After four years of hearings, debates and negotiations, Stanford University Medical Center's proposal to dramatically expand its hospital facilities in Palo Alto is now rounding the final corner en route to the city's approval.
Though the hospital expansion project -- the largest construction project in the Palo Alto's history -- still awaits the final approval from the City Council, over the past month Stanford and the city have resolved all of the major issues of dispute. Stanford's momentum continued Wednesday night when the city's Planning and Transportation Commission recommended approval of a critical environmental analysis for the hospital expansion.
The commission voted 4-2, with commissioners Arthur Keller and Susan Fineberg dissenting and Chair Samir Tuma abstaining, to recommend certification of the Final Environmental Impact Report for the Stanford project -- a massive document that lists the potential impacts of the hospital expansion and proposes ways to mitigate them. Keller and Fineberg both voted against the approval because they wanted more information before taking the vote.
While Stanford still has to clear several hurdles, officials from both the hospital and the city expressed optimism Wednesday about the progress made. At the beginning of four-hour-long discussion, officials from both sides lauded the recent progress of negotiations over a development agreement -- a document that would enable Stanford to exceed the city's zoning regulations in exchange for a series of community benefits.
"We've come a long way," said Michael Peterson, Stanford's vice president for special projects. "It's been over four years. I feel we're at a point where we can see the end of the process and the beginning of the hard work ... constructing a quite significant project."
Palo Alto Deputy City Manager Steve Emslie also said he was confident that the city is getting a fair deal from Stanford. As part of the proposed development agreement, Stanford would provide Palo Alto with $7 million in health-care programs and services, $23 million in fees for housing programs and $12 million for climate-change initiatives. Stanford would also buy Caltrain Go Passes for all hospital workers and give the city $3.4 million for improvements to bicycle and pedestrian paths near the hospital facilities.

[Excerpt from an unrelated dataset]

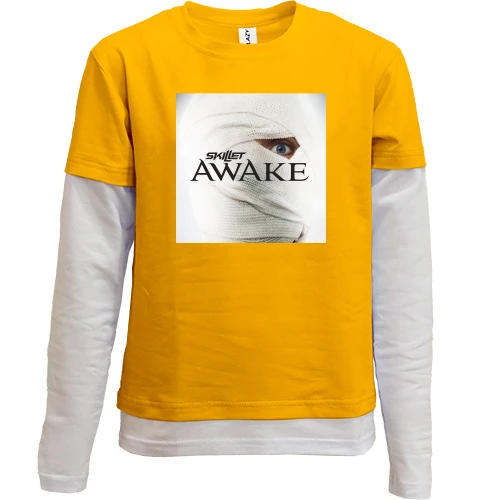 Комбинированный детский лонгслив, желтый, Skillet Awake 2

Stanford had also agreed to guarantee the city $8.1 million to ensure the hospital expansion would not have a negative impact on the city's budget. The issue of "cost neutrality" was the final sticking point in negotiations. The two sides settled it last month.
"The city is very comfortable that we are able to provide the maximum amount of certainty that the project will stand on its own and continue to be revenue-neutral to the city throughout the life of the project," Emslie said.

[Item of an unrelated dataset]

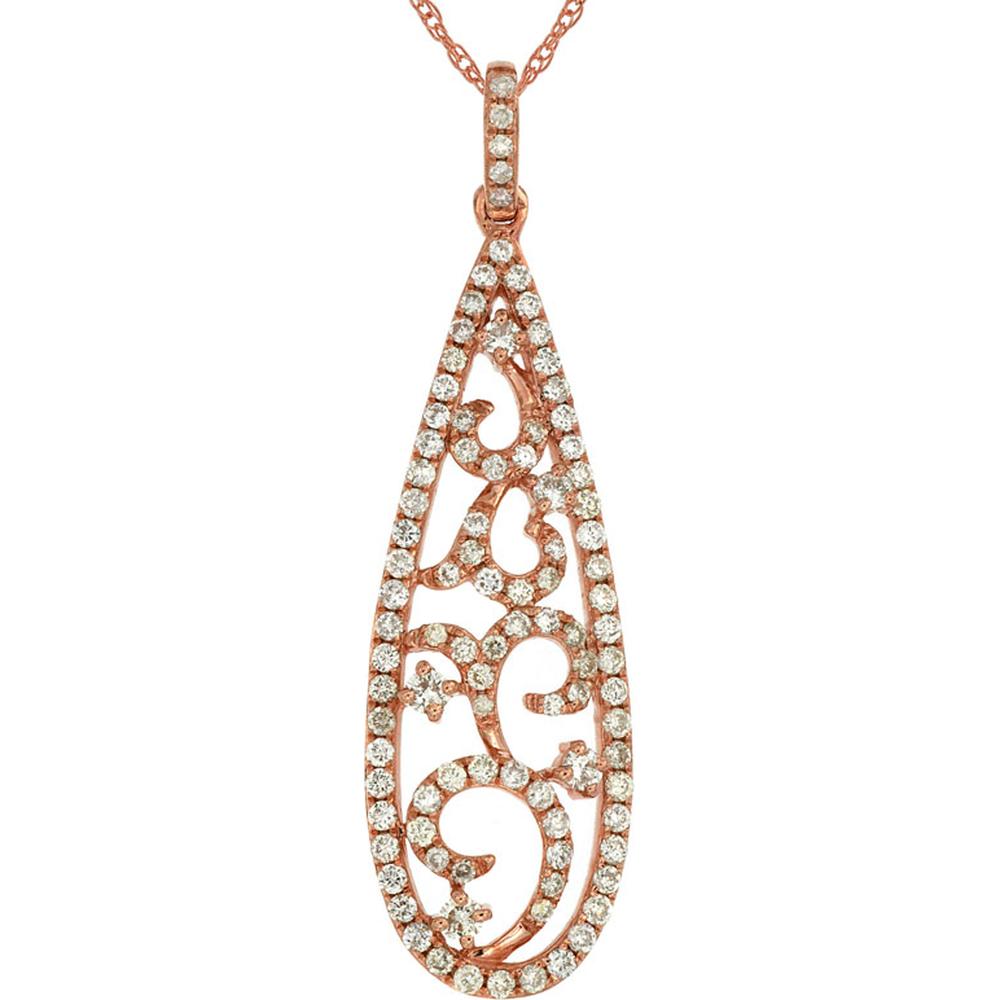 Enchanting 14K Rose Gold Diamond Pendant - 0.52 Carat Diamond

The planning commission delayed its review of the development agreement until next week and focused Wednesday's discussion on the final Environmental Impact Report. The commission also approved a "statement of overriding consideration" -- a document that acknowledges that some of the project's impacts cannot be fully mitigated but that the good in the project outweighs the bad. Commissioner Eduardo Martinez said the main "overriding consideration" in this case is that the city is "receiving far more good than we are than we are losing in terms of the hospital that has to be torn down or some other item."
The commission, which had spent months reviewing the draft and final environmental documents, continued to raise some concerns about the hospital expansion and its impact on local housing and schools and Stanford's decision to demolish the historic Edward Durell Stone-designed complex. Some of these issues could re-emerge next week, when the commission reviews other components of Stanford's application.
The $3.5 billion project includes construction of a new Stanford Hospital & Clinics, the expansion of Lucile Packard Children's Hospital and renovation of various clinics and Stanford School of Medicine buildings. It would bring 1.3 million square feet of new development and about 2,200 new employees to the city.
To enable the construction, Palo Alto is revising its zoning map to create a new Hospital Zone especially for the Stanford project and allowing the hospitals to exceed the city's zoning regulations.
Stanford's journey toward the city's final approval has taken about four years and featured 95 public hearings, many of them centering on the project's design and its impacts on housing and traffic in Palo Alto. Over the past month, the project cleared a series of critical hurdles when the city's Architectural Review Board approved the proposed designs and a council committee endorsed the development agreement.
The Menlo Park City Council voted 4-0 Tuesday night to support the project after Stanford offered $3.7 million for traffic mitigation and other local improvements.
The Palo Alto council is scheduled to vote on the project in June.